1325 Avenue of Americas, 28th Floor
New York, NY 10019
Attention: Chief Executive Officer
Ladies and Gentlemen:
Brainstorm Cell Therapeutics Inc., a Delaware corporation (the “Company”), is filing with the U.S. Securities and Exchange Commission (the “Commission”) a Registration Statement on Form S-1 (the “Registration Statement”) for the registration, under the Securities Act of 1933, as amended (the “Securities Act”), of (i) up to 1,310,528 shares (the “Shares”) of the Company’s common stock, par value $0.00005 per share (the “Common Stock”), (ii) up to 2,233,334 shares (the “Pre-Funded Warrant Shares”) of Common Stock, issuable upon exercise of pre-funded warrants (the “Pre-Funded Warrants”) and (iii) up to 4,252,634 shares of Common Stock (the “Common Warrant Shares,” and together with the Pre-Funded Warrant Shares, the “Warrant Shares”) issuable upon exercise of common stock purchase warrants (the “Common Stock Purchase Warrants,” and together with the Pre-Funded Warrants, the “Warrants”). The Shares and Warrants were issued to the selling securityholders pursuant to (i) that certain Securities Purchase Agreement, dated February 9, 2026, by and among the Company and the investor signatory thereto (the “February 9, 2026 Securities Purchase Agreement”); (ii) that certain Securities Purchase Agreement, dated February 24, 2026, by and among the Company and the investor signatory thereto (the “February 24, 2026 Securities Purchase Agreement”); (iii) those two certain Securities Purchase Agreement, dated May 11, 2026, by and among the Company and the investor signatories thereto (the “May 11, 2026 Securities Purchase Agreements”) and (iv) that certain Securities Purchase Agreement, dated May 19, 2026, by and among the Company and the investor signatory thereto (the “May 19, 2026 Securities Purchase Agreement, ” and together with the February 9, 2026 Securities Purchase Agreement, the May 11, 2026 Securities Purchase Agreements, and the May 19, 2026 Securities Purchase Agreement, the “Securities Purchase Agreements”).
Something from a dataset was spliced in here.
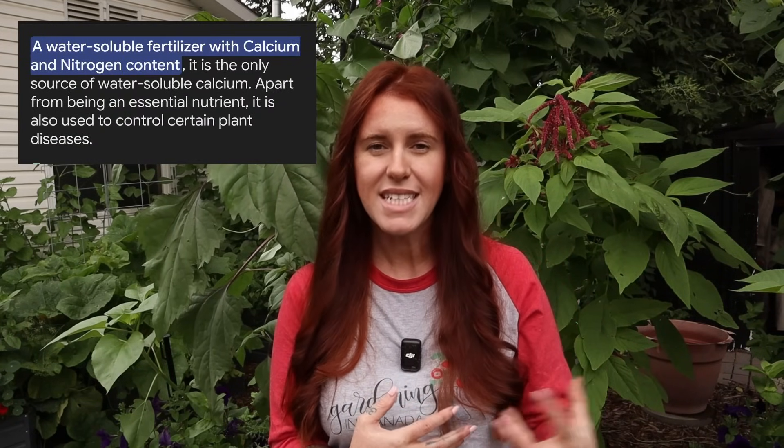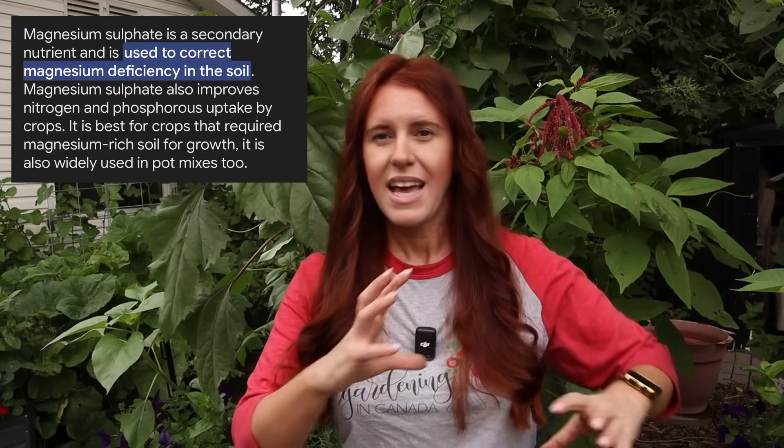If you know only one of the two nutrients is missing, add just calcium or just magnesium. The best way to add calcium is calcium nitrate, and for magnesium it's magnesium sulfate. The chemistry within those fertilizers is ideal for not disrupting soil chemistry and also helps with uptake of those nutrients, treating an acute issue much sooner.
In connection with our opinion, we have examined the Registration Statement, including the exhibits thereto, the Securities Purchase Agreements and such other documents, corporate records and instruments, and have examined such laws and regulations, as we have deemed necessary for the purposes of this opinion. In making our examination, we have assumed the genuineness of all signatures, the authenticity of all documents submitted to us as originals, the conformity with the originals of all documents submitted to us as copies and the legal capacity of all natural persons. As to matters of fact material to our opinions in this letter, we have relied on certificates and statements from officers and other employees of the Company, public officials and other appropriate persons.
Based on the foregoing and subject to the qualifications set forth below, we are of the opinion that that (i) the Shares are duly authorized and validly issued, fully paid and non-assessable and (ii) the Pre-Funded Warrant Shares and Common Warrant Shares have been duly authorized and, when issued and delivered by the Company in the manner described in the Registration Statement and the related Prospectus, will be validly issued, fully paid and non-assessable.
The foregoing opinions are limited to the General Corporation Law of Delaware (which includes those statutory provisions and all applicable provisions of the Delaware Constitution and the reported judicial decisions interpreting such laws), and we express no opinion as to the laws of any other jurisdiction.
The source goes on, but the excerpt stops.